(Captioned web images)
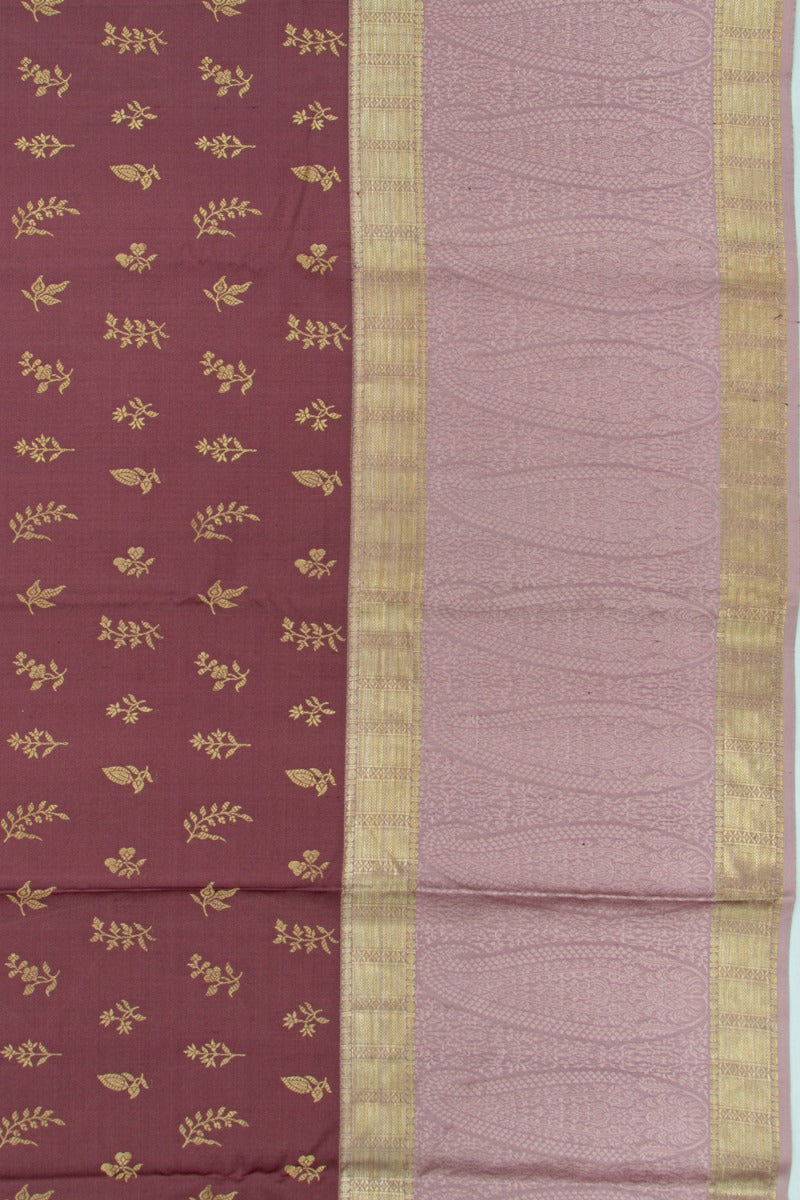 Taranga Kanchi Silk Jacquard Snuff Saree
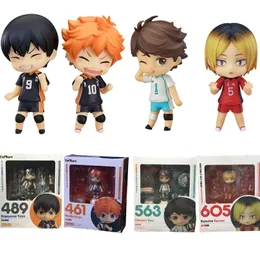 Anime Figure Haikyu Hinata Shoyo #461 Kageyama Tobio #489 Oikawa Tooru #563 Kozume Kenma #605 Cute Action Sport Kids Toys Doll 220520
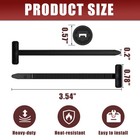 100 200 Universal Cable Tie Buckle Heavy Duty Self-locking Nylon Zip Ties Holder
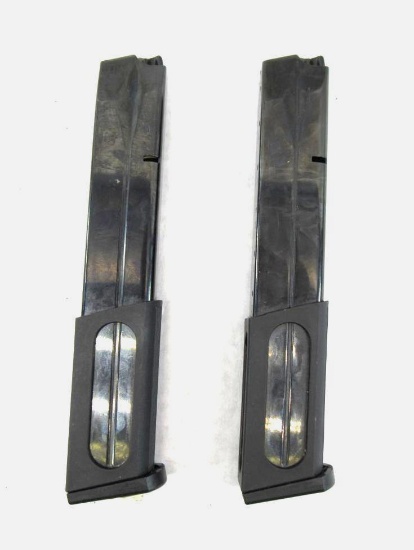 (2) Beretta 30 Round 9mm Magazines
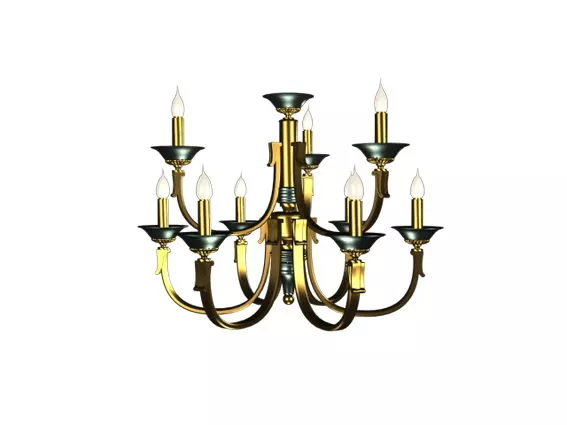 Candle Design Chandelier Lighting 3d model Candle Design Chandelier Lighting 3d model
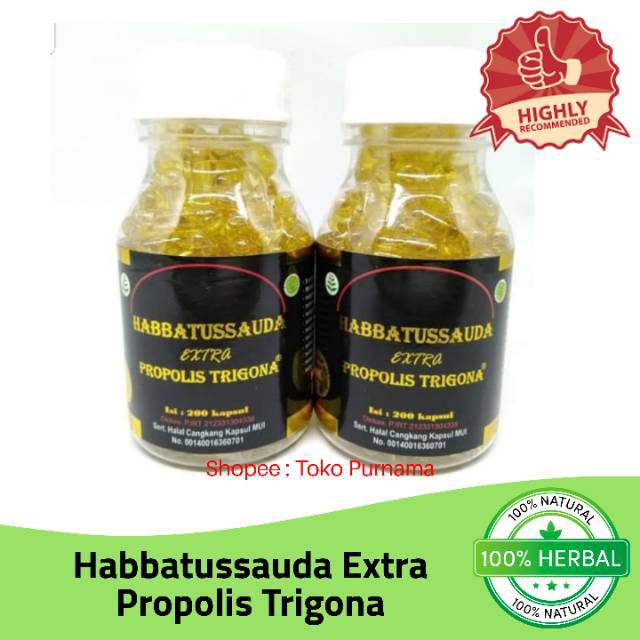 Obat Herbal Pil Kapsul Habbatussauda Extra Propolis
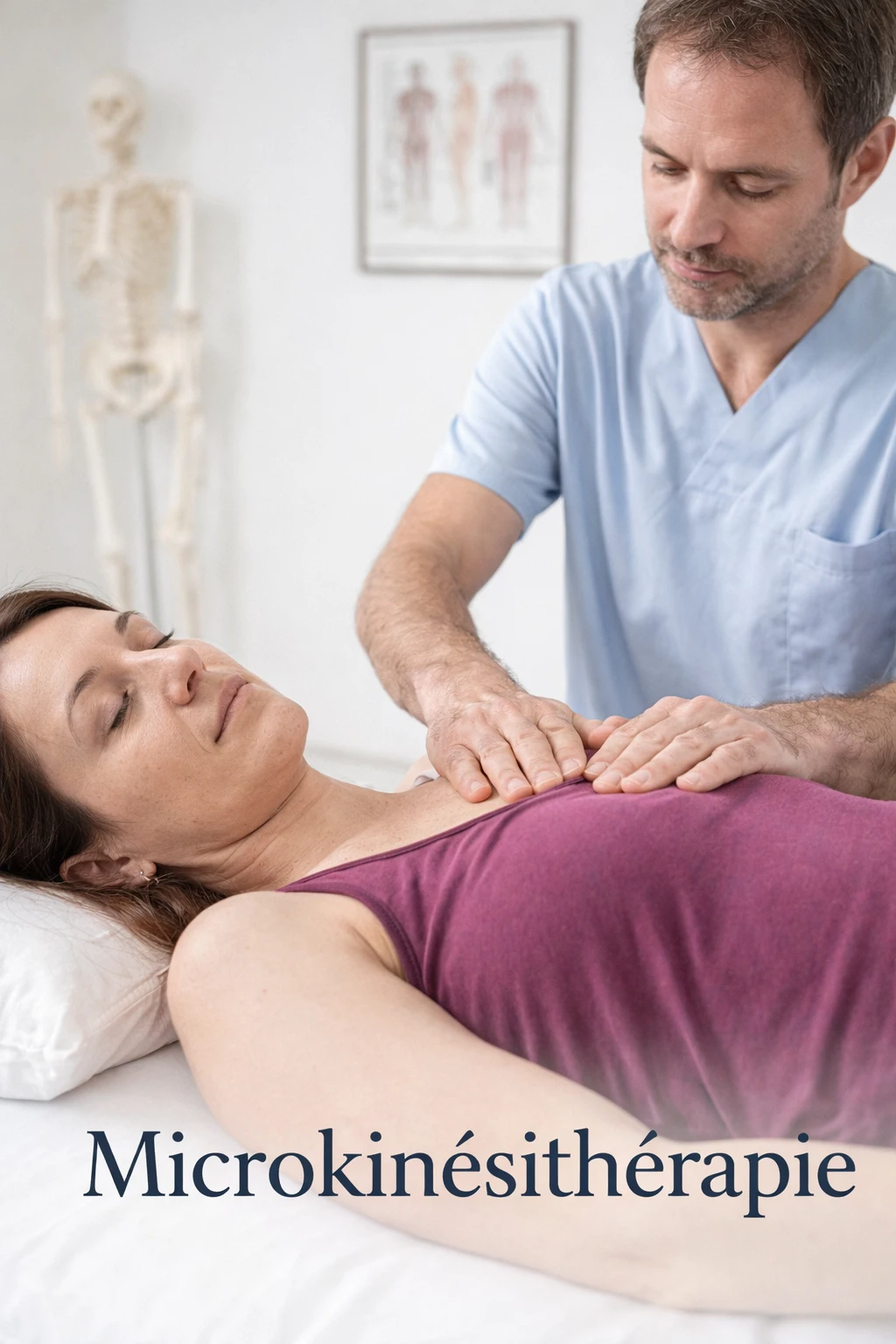 Microkinésithérapie et palpation ostéopathique fine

◆ Problem requirements: Only the lines from the one containing "Candle Design Chandelier Lighting 3d model Candle" through the last line of the entries above should be copied, exactly as they are and without the pictures.

◆ Solved problem:
 Candle Design Chandelier Lighting 3d model Candle Design Chandelier Lighting 3d model
 Obat Herbal Pil Kapsul Habbatussauda Extra Propolis
 Microkinésithérapie et palpation ostéopathique fine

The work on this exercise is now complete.